Duisburg-Hamborn. . „Kraft mal Weg durch Zeit“: Die Definition des Leistungsbegriffs steht wunderbar verständlich zur Verfügung, wenn es darum geht, neoliberale Leistungslügen unserer Zeit als Gefasel zu entlarven.
Blond, jung, enorm selbstbewusst – fast arrogant – und leidlich attraktiv war sie, die FDP-Lokalpolitikerin vom Niederrhein, mit der sich kürzlich im Bus die Gelegenheit zum Streitgespräch ergab.
Zwischen Moers und Ruhrort erwähnte sie dutzendmal das Wort „Leistung“ in allen möglichen Facetten: Leistungsträger, leistungsbereit, Leistungsbilanz: „In der Gesellschaft gehören die gefördert“, sagte sie ernst zog die Brauen hoch, „die eben am meisten Leistung generieren.“
Stottern nach meiner Zwischenfrage: „Definieren sie Leistung doch mal.“
„Wie, Leistung definieren? Leistung halt“, sagte sie grimmig.
„Kommen sie, zehnte Klasse Physik! Da braucht man doch keinen Doktortitel dafür“, sagte ich lachend, „schon garnicht in d e r Leistungspartei schlechthin, oder?“
Nee, sagte die Liberale, das sei ihr zu frech und außerdem sei sie in Eile. Und weg war sie.

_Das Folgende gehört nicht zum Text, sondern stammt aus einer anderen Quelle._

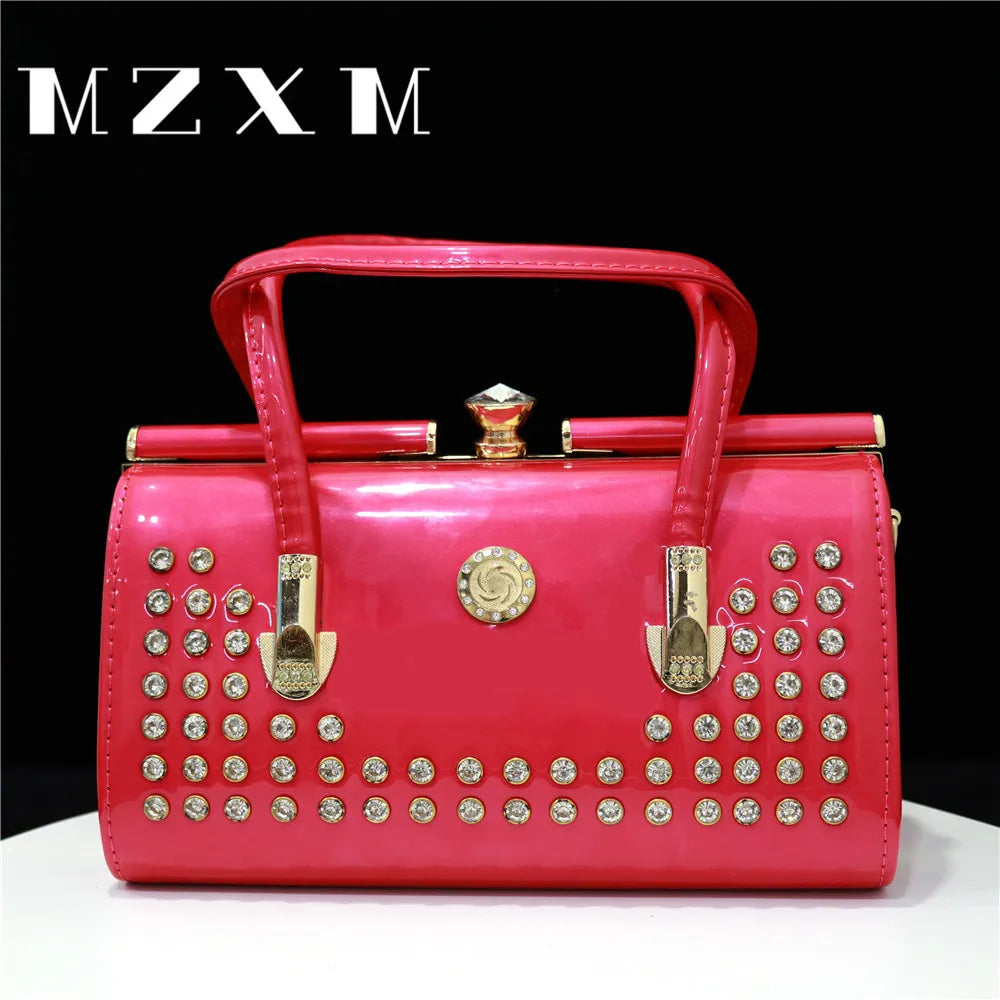 Rose Red Color Metal Rhinestones Fashion Elegant Large Capacity Evening Bag Diamond Luxury Women's Party Wallet Handbag Rose Red 27.5x12x15cm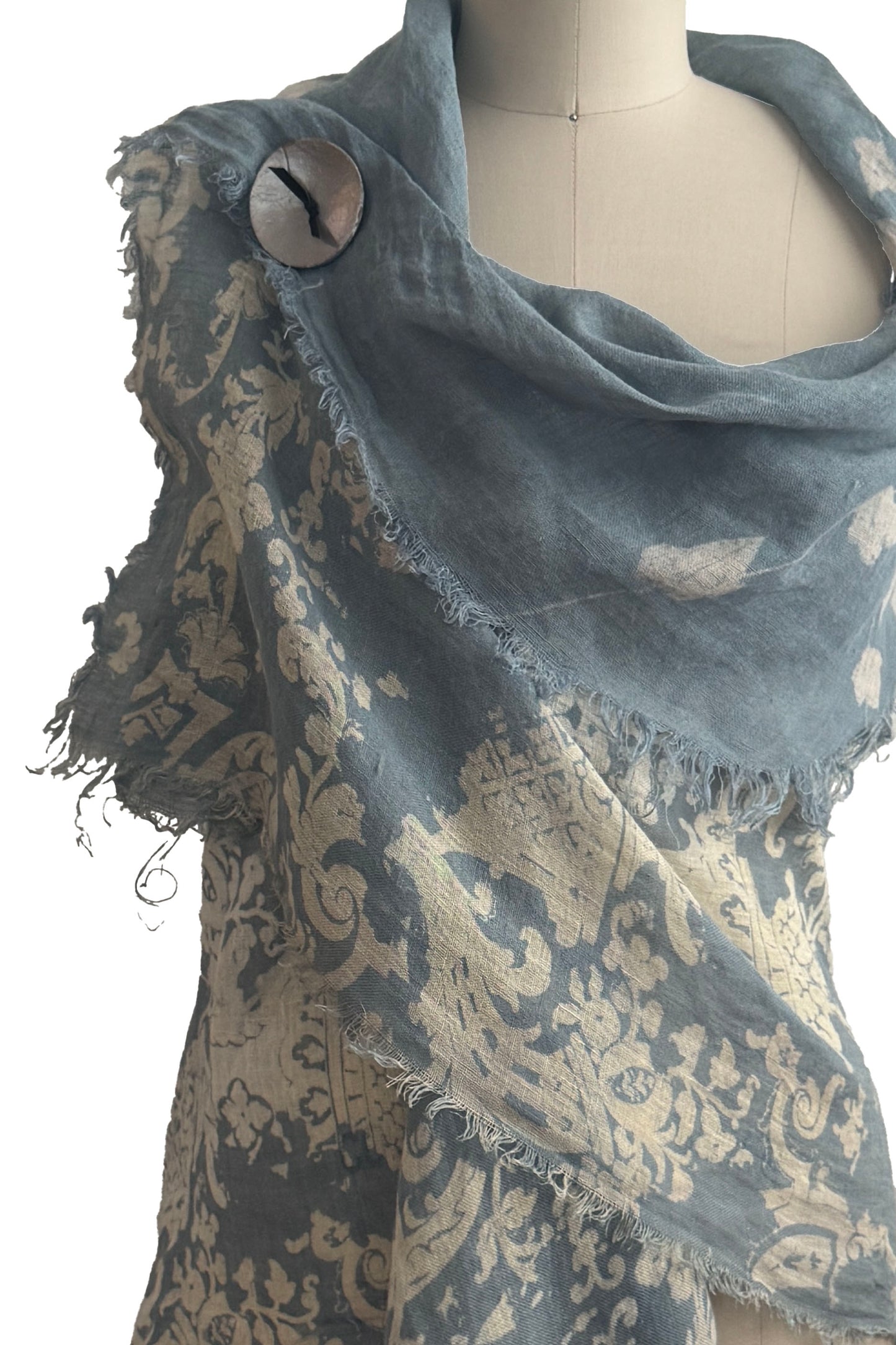 Asymmetrical Wrap Vest | Open Weave Linen | Wallpaper & Vines Print | Light Blue & Natural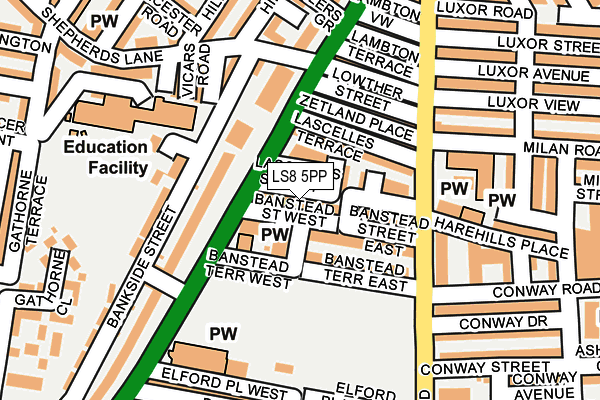 LS8 5PP map - OS OpenMap – Local (Ordnance Survey)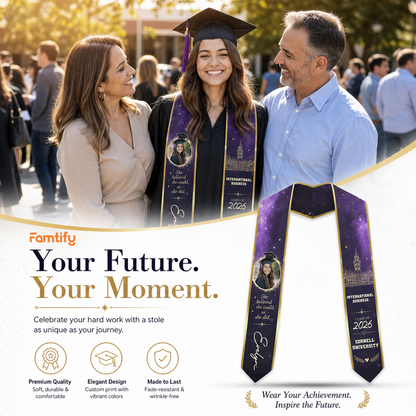 Personalized She Believed She Could So She Did Graduation Stole – Custom Photo and Name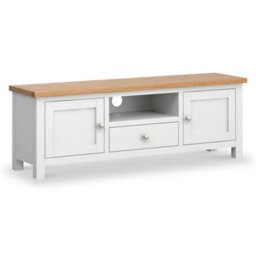 Farro White 140Cm Wide Tv Unit - Fully Assembled - Painted With Oak Top By Roseland Furniture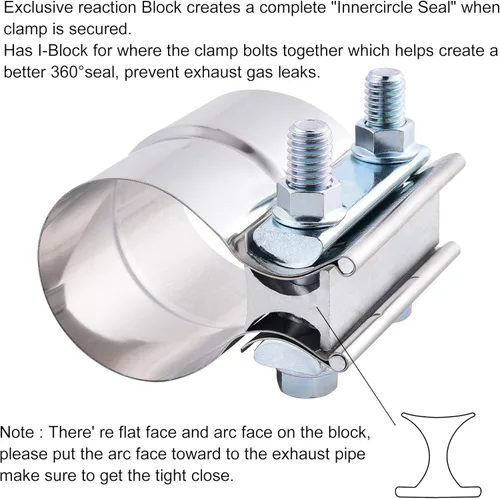 Vista 5 de Abrazadera de acero inoxidable para la banda de escape con 1 bloque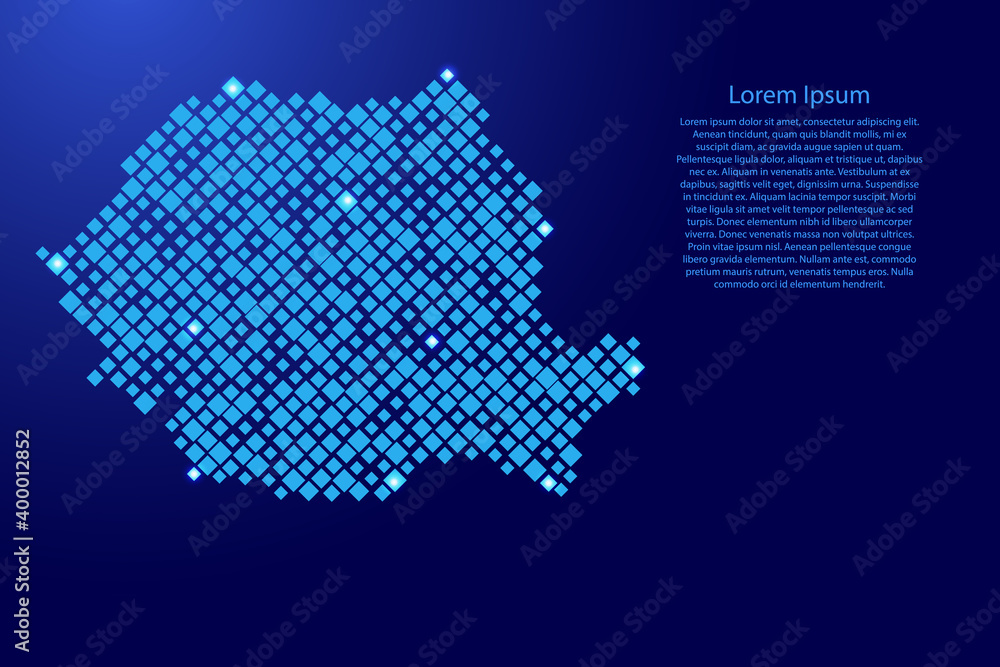 Romania map from blue pattern rhombuses of different sizes and glowing space stars grid. Vector illustration.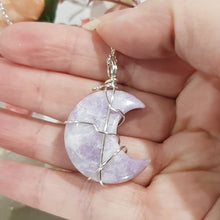 Load image into Gallery viewer, Lepidolite moon crystal pendant silver wired (chain NOT included)  P30
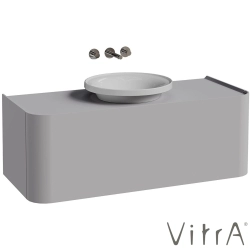 Vitra - Vitra Gala Tek Çekmeceli Çanak Lavabo Uyumlu Lavabo Dolabı, Mat Taş Gri, 120 cm (Çanak Lavabo Dahil-Armatür Deliksiz)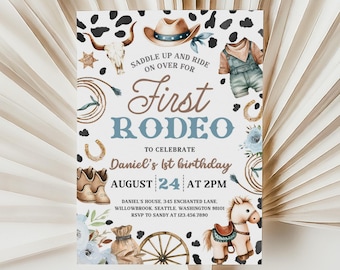 Bearbeitbar Erste Rodeo-Geburtstagseinladung | Cowboy Western 1.Geburtstags-Einladung | Wilder Westen Geburtstag einladen | Cowboy-Geburtstags-Evite | BD20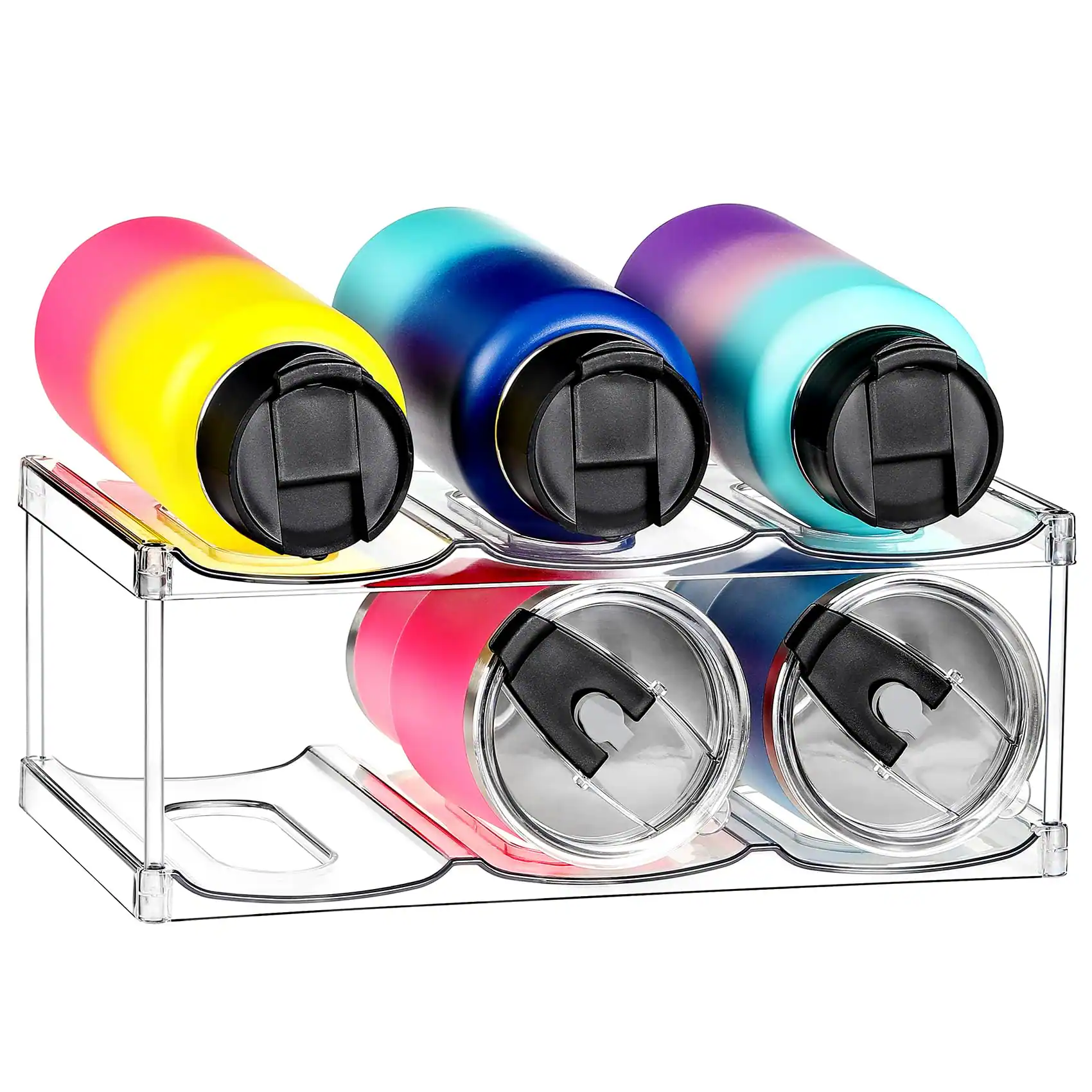 Front. Cedar Assembly - LARGER Compartment - Stackable Water Bottle Organizer Holder - for Stanley Others Tumbler - Clear Wine R... - 2 Tier - Hold 6.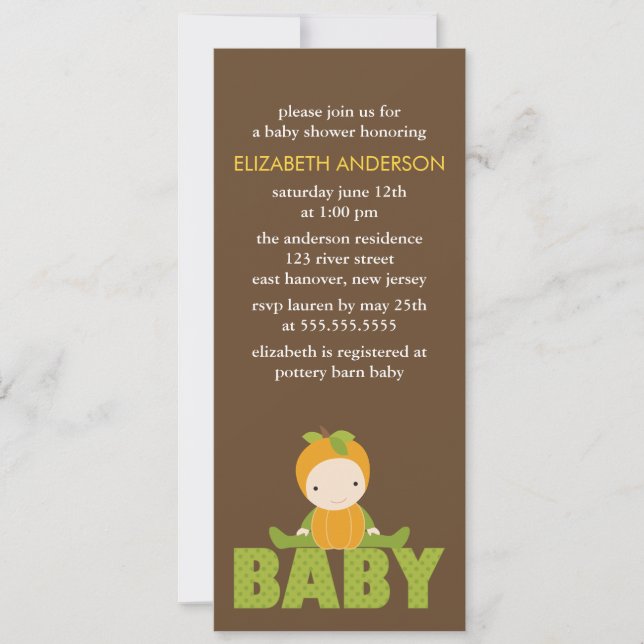 Autumn Themed Baby Shower Invitation (Front)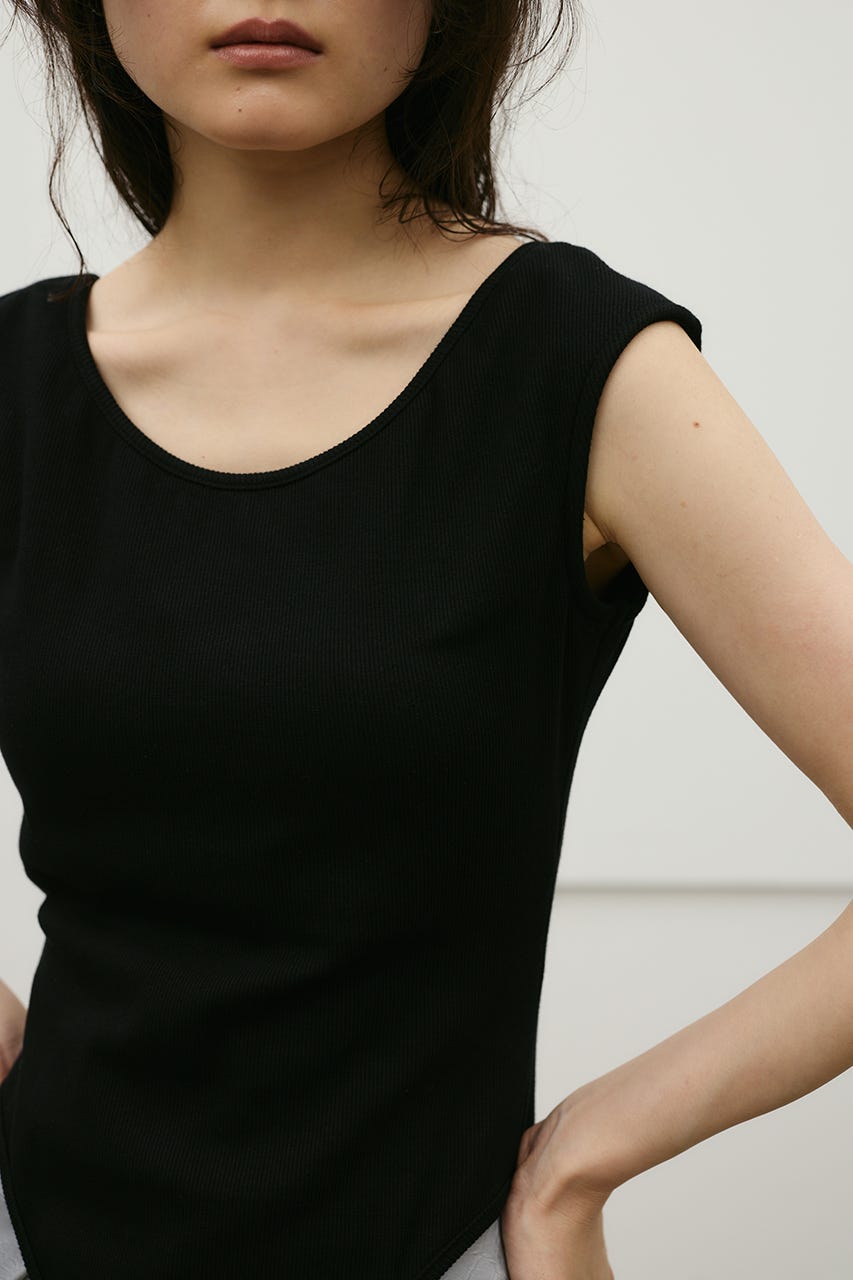 バックオープンボディスーツ BLK S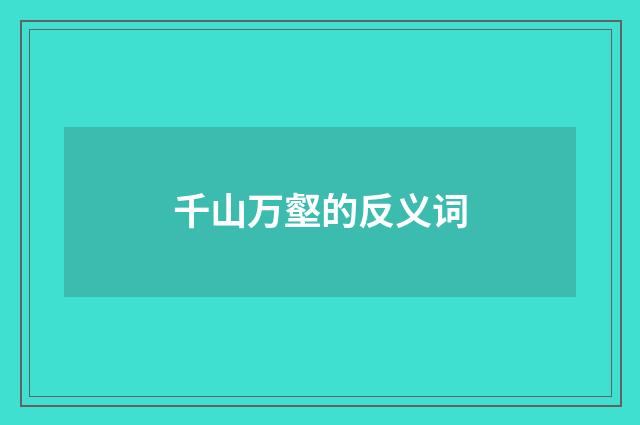 千山万壑的反义词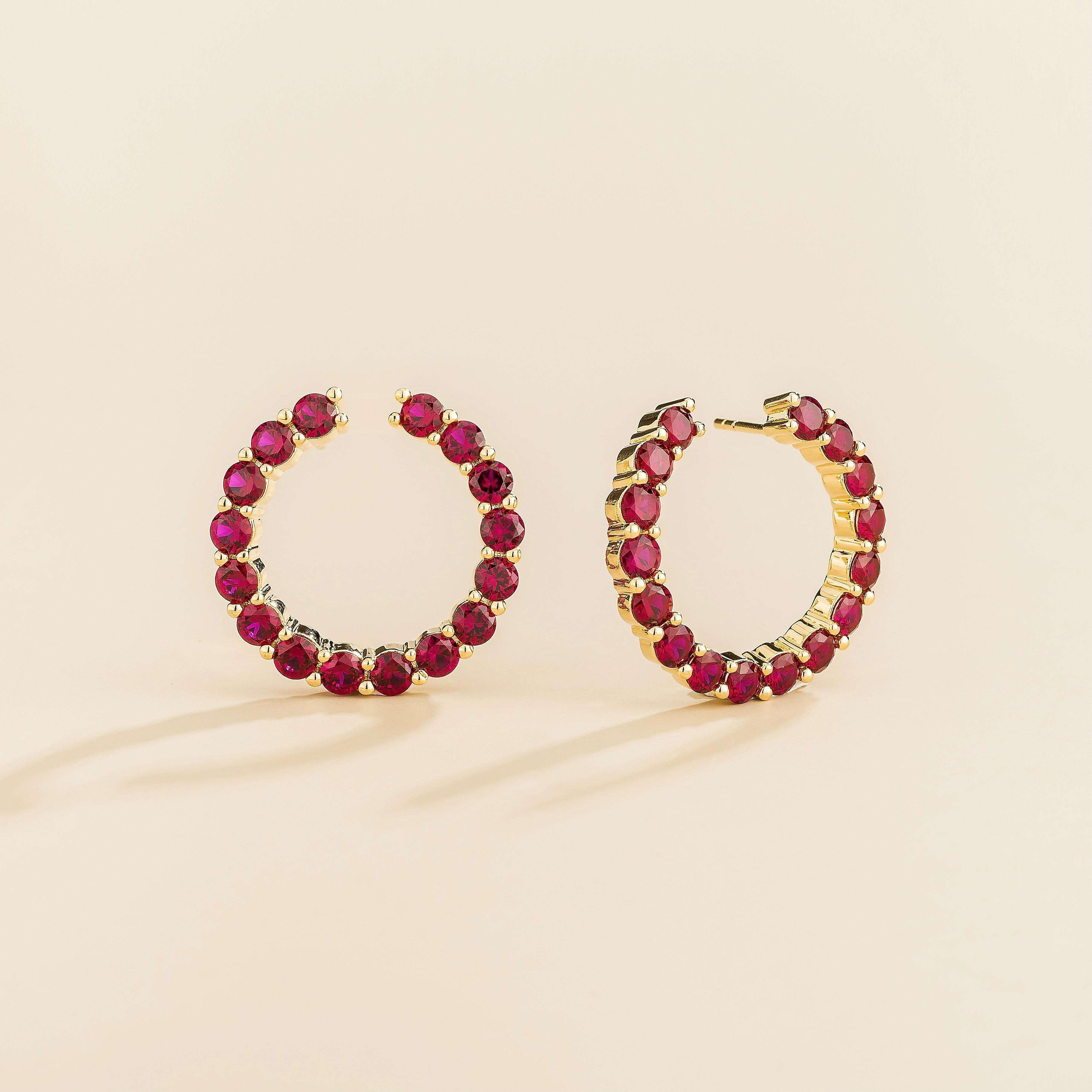 Kom Ruby Hoop Earrings In Gold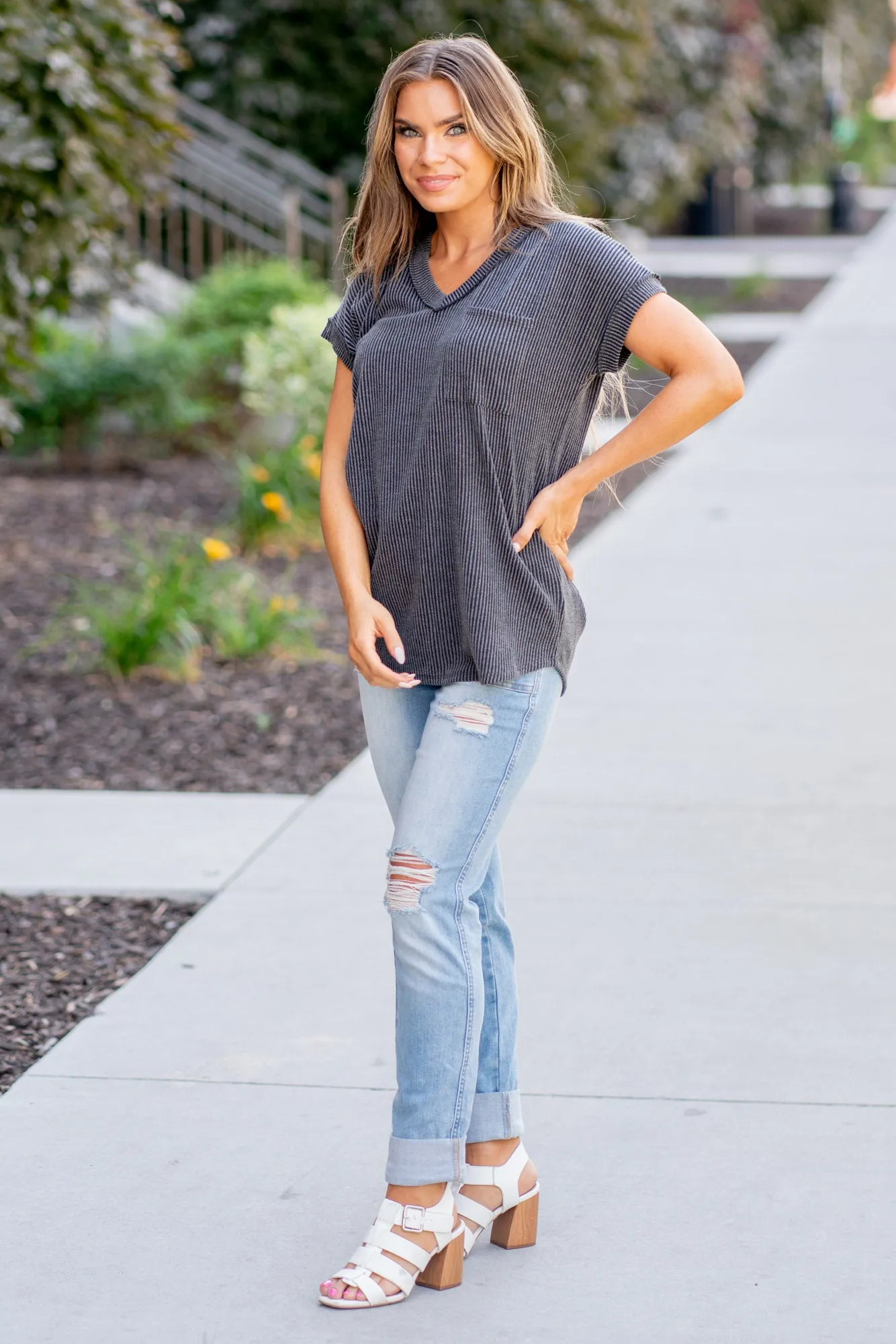 Front Pocket Short Sleeve Ribbed Top Regular & Plus Sizes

Dann hier nochmal zum mitschreiben: Leistung ist eingesetzte Kraft, multipliziert mit dem zurückgelegten Weg – sprich Arbeit – geteilt durch die benötigte Zeit.
Diese Definition des Leistungsbegriffs hat nichts dehnbares, nichts relatives und steht wunderbar verständlich zur Verfügung, wenn es darum geht, neoliberale Leistungslügen unserer Zeit als Gefasel zu entlarven. Denn die eigentlichen Leistungsträger der Gesellschaft sind – gemessen an der Formel – Leiharbeiter wie der Walsumer Heinrich K., über den wir berichtet haben, alleinerziehende Mütter oder berufstätige Mütter allgemein. Menschen, die nicht einen, sondern zwei oder drei Berufe haben, um genug Geld für ein menschenwürdiges Leben zu haben. Da kann man mathematisch exakt ermitteln, dass deren Tagesleistung um ein vielfaches die der meisten Manager übertrifft.
Menschen wie Heinrich K., über den wir berichtet haben, bringen bereits ihr ganzes Leben Leistung, sind leistungsbereit bis ins hohe Alter. Allein, es wird ihnen keine faire Chance gegeben. Heinrich K. ist 60 Jahre alt, ein Experte für Drehtechnik -- man stelle sich vorr, was jüngere Kollegen von ihm lernen könnten, welche Kniffe und Feinheiten – das wäre Qualitätssicherung, das würde die Leistunsfähigkeit junger Kollegen positiv beeinflussen. Stattdessen wird Heinrich K. als Leiharbeiter wie ein dreckiger Lappen zwischen Betrieben in Oberhausen und Ratingen hin und hergeschleift und schließlich fadenscheinig rausgeschmissen. Mach doch endlich mal einer den Neoliberalen klar, dass Solidarität und sozailes Verhalten die wichtigsten Standortfaktoren sind.